Derivative with respect to a vector

1. Oct 31, 2009

I've stumbled across something I've never seen before. I am taking a class outside of my major and the notation seems to be quite different from what I am used to, and I am completely baffled as to how to solve what I feel are some simple problems.

1. The problem statement, all variables and given/known data

Find $$\frac{d f(\vec{k})}{\vec{k}}$$ where $$f(\vec{k}) = sin(ak_x)-cos(bk_y)+cos(ck_z)$$. f itself is a scalar function that operates on the components of the vector $$\vec{k}$$.

3. The attempt at a solution

What does this notation mean?

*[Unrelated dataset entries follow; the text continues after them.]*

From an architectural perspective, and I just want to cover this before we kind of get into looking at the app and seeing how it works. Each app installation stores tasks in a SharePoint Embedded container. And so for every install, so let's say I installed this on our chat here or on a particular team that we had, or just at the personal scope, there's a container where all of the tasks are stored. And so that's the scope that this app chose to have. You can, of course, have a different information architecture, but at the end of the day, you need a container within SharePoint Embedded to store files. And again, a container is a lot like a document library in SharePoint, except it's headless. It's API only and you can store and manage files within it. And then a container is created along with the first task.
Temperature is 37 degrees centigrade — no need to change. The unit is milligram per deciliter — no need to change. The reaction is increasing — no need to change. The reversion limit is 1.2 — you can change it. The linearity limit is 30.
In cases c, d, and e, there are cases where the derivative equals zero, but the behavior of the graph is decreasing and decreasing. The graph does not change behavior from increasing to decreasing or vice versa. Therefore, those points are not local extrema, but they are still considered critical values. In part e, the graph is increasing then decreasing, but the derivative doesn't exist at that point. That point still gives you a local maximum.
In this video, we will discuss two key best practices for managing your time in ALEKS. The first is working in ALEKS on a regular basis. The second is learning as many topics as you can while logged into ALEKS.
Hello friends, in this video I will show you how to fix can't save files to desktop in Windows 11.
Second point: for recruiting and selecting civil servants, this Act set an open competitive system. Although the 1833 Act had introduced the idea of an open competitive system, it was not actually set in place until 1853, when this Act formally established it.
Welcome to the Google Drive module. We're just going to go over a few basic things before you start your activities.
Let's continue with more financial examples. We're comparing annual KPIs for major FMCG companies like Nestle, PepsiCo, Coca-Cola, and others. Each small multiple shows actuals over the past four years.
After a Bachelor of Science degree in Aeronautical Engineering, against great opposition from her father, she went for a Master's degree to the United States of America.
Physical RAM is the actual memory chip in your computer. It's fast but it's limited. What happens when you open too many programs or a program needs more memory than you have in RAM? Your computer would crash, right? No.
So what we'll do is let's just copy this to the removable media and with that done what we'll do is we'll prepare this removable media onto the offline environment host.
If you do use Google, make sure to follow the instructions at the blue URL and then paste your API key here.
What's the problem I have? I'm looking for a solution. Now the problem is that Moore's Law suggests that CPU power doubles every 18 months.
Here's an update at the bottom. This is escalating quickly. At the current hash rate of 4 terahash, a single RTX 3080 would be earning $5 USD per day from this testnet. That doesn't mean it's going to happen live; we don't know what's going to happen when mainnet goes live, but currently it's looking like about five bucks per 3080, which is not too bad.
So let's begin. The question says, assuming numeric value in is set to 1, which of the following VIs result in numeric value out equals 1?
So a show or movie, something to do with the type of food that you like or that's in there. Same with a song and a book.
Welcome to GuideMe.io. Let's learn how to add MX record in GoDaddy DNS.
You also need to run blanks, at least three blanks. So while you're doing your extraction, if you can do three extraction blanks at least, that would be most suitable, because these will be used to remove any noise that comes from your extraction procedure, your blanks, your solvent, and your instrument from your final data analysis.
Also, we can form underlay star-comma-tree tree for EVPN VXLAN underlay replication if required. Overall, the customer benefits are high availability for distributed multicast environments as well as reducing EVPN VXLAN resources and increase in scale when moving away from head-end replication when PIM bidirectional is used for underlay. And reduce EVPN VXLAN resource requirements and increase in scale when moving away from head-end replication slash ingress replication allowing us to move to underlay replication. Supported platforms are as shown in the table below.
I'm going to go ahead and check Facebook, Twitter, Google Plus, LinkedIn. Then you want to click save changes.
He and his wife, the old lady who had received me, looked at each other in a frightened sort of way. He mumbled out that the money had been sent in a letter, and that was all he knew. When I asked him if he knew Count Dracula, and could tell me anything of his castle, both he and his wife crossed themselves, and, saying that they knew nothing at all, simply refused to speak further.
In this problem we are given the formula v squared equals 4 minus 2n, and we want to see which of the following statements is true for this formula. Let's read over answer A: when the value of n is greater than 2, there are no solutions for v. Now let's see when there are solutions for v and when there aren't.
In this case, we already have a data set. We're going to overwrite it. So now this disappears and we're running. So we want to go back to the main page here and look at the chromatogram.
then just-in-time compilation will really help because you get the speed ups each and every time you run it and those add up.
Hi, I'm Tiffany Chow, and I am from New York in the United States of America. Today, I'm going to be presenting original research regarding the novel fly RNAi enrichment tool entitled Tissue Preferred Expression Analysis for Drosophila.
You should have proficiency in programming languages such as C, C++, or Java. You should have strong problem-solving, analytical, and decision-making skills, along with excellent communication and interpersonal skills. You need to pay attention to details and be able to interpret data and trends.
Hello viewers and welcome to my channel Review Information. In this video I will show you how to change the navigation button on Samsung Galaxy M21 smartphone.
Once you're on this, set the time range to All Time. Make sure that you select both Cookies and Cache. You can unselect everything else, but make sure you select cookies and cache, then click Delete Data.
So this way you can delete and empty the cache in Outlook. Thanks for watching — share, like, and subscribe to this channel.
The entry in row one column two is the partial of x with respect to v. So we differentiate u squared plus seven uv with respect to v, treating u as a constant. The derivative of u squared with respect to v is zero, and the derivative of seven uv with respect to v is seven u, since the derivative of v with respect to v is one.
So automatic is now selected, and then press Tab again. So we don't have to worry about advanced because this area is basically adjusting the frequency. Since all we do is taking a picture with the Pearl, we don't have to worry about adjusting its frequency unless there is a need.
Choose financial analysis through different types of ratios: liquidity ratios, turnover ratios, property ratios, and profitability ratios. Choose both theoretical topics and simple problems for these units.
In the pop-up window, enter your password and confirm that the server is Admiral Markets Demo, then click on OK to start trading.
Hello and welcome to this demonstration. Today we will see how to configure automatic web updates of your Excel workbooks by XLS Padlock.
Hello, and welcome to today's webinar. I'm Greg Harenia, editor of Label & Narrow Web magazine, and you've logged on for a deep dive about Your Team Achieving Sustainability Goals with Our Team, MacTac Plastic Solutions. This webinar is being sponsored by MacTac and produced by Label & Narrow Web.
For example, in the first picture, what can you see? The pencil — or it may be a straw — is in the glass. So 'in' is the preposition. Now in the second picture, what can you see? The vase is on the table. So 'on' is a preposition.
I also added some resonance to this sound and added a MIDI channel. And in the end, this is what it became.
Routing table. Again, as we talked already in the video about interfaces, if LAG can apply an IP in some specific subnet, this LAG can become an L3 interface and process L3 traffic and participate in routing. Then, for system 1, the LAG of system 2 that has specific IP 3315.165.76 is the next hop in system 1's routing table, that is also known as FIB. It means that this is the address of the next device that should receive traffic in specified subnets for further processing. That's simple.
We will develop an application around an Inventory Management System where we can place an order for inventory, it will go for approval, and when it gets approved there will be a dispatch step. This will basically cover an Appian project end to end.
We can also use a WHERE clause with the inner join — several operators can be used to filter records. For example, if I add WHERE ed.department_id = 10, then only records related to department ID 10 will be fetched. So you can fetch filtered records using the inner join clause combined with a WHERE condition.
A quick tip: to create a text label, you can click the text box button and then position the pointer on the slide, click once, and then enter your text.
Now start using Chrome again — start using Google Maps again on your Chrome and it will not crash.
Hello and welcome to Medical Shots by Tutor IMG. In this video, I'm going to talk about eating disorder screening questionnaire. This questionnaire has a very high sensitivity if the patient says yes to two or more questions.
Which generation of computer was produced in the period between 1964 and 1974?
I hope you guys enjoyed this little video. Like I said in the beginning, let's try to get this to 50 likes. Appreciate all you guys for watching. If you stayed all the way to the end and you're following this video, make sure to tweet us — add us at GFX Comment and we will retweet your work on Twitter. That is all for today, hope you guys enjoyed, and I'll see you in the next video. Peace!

I have never seen a notation in which there is a derivative with respect to a vector. Is this the same thing as the gradient $$\nabla f$$?

2. Oct 31, 2009

HallsofIvy

Staff Emeritus
In general, if a function from $R^m$ to $R^n$ is "differentiable at $\vec{v_0}$" if and only if there exist a linear function, L, from $R^m$ to $R^n$ and a function $\epsilon$ from $R^m$ to $R^n$ such that $f(\vec{v})= f(\vec{v_0})+ L(\vec{v}- \vec{v_0})+ \epsilon(\vec{v})$ and $\lim_{\vec{v}\to \vec{0}} \epsilon(\vec{v}/|\vec{v}|$$= 0$. In this case, we say that L is the "derivative of f with respect to $\vec{v}$ at $vec{v_0}$".

Notice that L is a linear operator, not a number or even a vector. In the case f from $R^1$ to $R^1$, a real valued function of a single real variable as in Calculus I, a linear function from $R^m$ to $R^n$ is a multiple: $mx$ for some number m. In calculus I, we think of that number as being the derivative.

In the case of f from $R^m$ to $R^1$, a real valued function of several real variables, we can represent a linear function from $R^m$ to $R^1$ as a "dot product"- any linear function L(<x, y, z>) can be written as ax+ by+ cz= <a, b, c>$\cdot$<x, y, z>. In that case, we can identify the derivative with that vector- which is, in fact, the gradient.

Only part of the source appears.